Grin

Grin

Grin: hidden payment sizes on the public ledger, lighter chain data than older networks, quick wallet handshake to finish a send.

Updated Apr 22, 2026

Grin

Two problems show up on many well-known digital-money networks. First, the public shared record shows how much each payment was. Second, anyone keeping a full copy of that record watches it grow and grow, because past payments stay listed with their amounts in plain sight.

Grin is online money meant to ease both issues. Observers looking at the public record cannot read the size of each payment. The way the data fits together also means the stored history can stay lighter than on systems that replay every old amount. Many machines compete to seal new payments into the shared record; Grin’s project site walks through how that works.

Tradeoff: one-tap bank apps often finish after a single send. Grin usually needs your app and the other person’s app to trade a few rounds before the payment is done. That is part of how the design achieves the goals above.

Things to watch for

  • Fewer places to buy or sell than the best-known digital money. If you use a site that sells digital money, confirm it lists Grin, what cash-out costs, and which option to choose so funds are not stuck.
  • Downloads and messages you did not ask for can empty your balance. Only install software from sources you trust, and read every screen before you confirm a payment.
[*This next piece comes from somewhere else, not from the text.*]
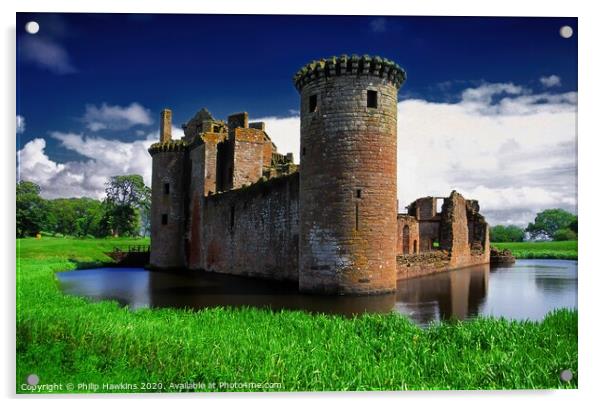 Caerlaverock Castle Acrylic by Philip Hawkins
This page is educational and not a recommendation to buy, sell, or hold any asset.

FAQ

What is Grin?
On many digital-money systems, anyone can open the shared public record and see **how much** went with each payment. Over the years, a full copy of that record also gets **very large**, because **every old payment stays written out in the open**. Grin is a different design aimed at those two headaches: the public record **does not reveal payment sizes**, and **the data people store to stay in sync can stay smaller** than on those older-style networks. You hold and move it with **software built for Grin**. The cost is practical: **a send often needs several back-and-forth steps** between your app and the other person’s before the payment clears.
Can strangers see how much I sent?
Not from the open payment list by itself, the way they often can with **bitcoin**. How you cash in or out, or what company’s app you used, can still leave a trail outside that list.
Why is paying someone harder than with my usual app?
Bank-style apps often send after one tap once you pick a payee. Grin usually has your app and the other person’s app exchange a few steps before the payment finishes. Read Grin’s official help before you try a real payment.
Is Grin safe?
Digital money always carries risk: scams, fake downloads, typos, and sites that stop working. Grin is harder to buy or sell than the best-known digital money because fewer people use it. Read Grin’s beginner material; do not risk money you need for living expenses.
Is this financial advice?
No. This content is general education only.